List and review where nurses can recruit family and organizational resources to ameliorate the impact of decreased visitation. Modify the environment to promote connection. For example, can drive through visits or other type of connections be accommodated? Can seats in waiting areas be marked 6 feet apart with also potentially using Plexiglas dividers? Also label and mark essential areas with arrows that show directions and seating. The intention is to promote the recommended 6 foot physical distancing. What are the possibilities to determine mechanisms to solicit feedback that center on the inclusion of feedback from persons, families, and communities served into simulating practicing any next step considerations.

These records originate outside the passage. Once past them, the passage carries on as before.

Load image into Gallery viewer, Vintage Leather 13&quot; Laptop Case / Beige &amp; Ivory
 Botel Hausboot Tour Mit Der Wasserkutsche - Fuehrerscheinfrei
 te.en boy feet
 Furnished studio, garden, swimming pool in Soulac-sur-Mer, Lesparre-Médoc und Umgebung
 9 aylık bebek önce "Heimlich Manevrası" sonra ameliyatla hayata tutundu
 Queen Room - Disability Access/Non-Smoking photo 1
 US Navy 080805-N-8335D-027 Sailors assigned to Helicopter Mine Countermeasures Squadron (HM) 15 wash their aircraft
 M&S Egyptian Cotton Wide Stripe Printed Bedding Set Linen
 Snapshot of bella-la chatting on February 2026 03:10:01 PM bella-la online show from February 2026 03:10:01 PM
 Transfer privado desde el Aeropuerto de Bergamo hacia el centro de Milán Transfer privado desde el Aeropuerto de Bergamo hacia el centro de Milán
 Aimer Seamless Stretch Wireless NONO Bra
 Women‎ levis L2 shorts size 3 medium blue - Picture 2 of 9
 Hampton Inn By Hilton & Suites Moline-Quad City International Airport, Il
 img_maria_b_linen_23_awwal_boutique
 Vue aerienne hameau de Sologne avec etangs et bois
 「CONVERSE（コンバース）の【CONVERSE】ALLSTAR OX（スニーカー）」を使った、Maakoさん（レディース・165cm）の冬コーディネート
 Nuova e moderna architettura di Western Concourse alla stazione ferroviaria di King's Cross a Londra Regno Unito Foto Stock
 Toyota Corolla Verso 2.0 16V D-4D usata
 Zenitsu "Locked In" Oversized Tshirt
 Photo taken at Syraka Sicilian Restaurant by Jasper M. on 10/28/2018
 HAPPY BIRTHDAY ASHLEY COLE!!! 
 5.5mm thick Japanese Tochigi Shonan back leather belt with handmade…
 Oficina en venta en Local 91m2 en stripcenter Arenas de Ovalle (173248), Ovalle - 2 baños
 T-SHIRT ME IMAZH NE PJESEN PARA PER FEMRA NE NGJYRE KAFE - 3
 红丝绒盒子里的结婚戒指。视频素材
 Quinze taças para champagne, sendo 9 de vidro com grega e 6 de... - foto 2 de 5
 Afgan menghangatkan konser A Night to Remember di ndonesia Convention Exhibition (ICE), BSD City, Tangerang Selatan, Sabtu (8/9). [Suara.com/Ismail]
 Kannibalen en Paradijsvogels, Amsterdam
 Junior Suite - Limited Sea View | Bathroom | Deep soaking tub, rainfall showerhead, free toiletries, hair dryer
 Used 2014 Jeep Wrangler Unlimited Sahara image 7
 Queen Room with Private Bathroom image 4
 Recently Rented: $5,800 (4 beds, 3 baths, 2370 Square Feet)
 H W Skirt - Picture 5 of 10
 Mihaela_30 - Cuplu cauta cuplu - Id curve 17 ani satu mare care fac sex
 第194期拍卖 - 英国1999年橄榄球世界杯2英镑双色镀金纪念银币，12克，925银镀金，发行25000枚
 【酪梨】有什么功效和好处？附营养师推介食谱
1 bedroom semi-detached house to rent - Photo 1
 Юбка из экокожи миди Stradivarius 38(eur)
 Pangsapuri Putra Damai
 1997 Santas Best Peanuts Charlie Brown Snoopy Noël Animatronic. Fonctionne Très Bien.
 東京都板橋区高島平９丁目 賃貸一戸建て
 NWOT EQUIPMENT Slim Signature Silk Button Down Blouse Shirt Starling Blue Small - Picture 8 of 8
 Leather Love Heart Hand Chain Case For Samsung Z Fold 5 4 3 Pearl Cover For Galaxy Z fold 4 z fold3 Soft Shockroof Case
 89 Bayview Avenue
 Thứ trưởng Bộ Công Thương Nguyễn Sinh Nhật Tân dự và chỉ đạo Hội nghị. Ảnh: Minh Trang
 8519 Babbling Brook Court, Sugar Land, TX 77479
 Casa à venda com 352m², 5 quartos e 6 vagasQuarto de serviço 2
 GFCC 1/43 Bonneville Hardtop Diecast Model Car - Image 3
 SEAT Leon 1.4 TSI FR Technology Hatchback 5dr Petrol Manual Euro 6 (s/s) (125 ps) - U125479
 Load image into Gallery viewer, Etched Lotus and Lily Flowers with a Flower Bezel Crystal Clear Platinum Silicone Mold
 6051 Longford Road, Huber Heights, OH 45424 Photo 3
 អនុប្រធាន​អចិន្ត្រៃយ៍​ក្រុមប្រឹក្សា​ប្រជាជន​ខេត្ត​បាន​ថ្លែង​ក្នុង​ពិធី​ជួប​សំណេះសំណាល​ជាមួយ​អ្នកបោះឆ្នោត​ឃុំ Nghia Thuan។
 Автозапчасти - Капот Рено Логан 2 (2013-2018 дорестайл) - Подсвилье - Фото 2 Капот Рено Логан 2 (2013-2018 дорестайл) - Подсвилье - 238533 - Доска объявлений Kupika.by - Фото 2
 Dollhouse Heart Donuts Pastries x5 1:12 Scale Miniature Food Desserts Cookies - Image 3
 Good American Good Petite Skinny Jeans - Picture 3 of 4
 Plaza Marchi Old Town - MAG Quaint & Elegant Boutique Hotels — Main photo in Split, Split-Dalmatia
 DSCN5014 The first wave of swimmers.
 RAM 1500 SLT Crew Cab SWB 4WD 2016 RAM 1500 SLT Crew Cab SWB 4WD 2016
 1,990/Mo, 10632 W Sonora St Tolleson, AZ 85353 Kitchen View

According to Dieckmann et al. (2020), simulation provides the opportunity to learn “at the individual level and it has an integral part to play in systems testing” (p. 17). This benefit centers on the assumption that participants within the simulation experience can provide valued feedback on enhancements to continually focus on improving the experiences for persons who are being served by healthcare organization. Language and the practice offered through simulation serve as an important bridge that promote being with persons, opportunities to promote human connections, and risk mitigation during these times. These opportunities hinge on attention to language and an overarching knowledge base to illuminate meaning and transform care. This approach honors persons and the various important connectednesses of family and community as the primary focus and outcome.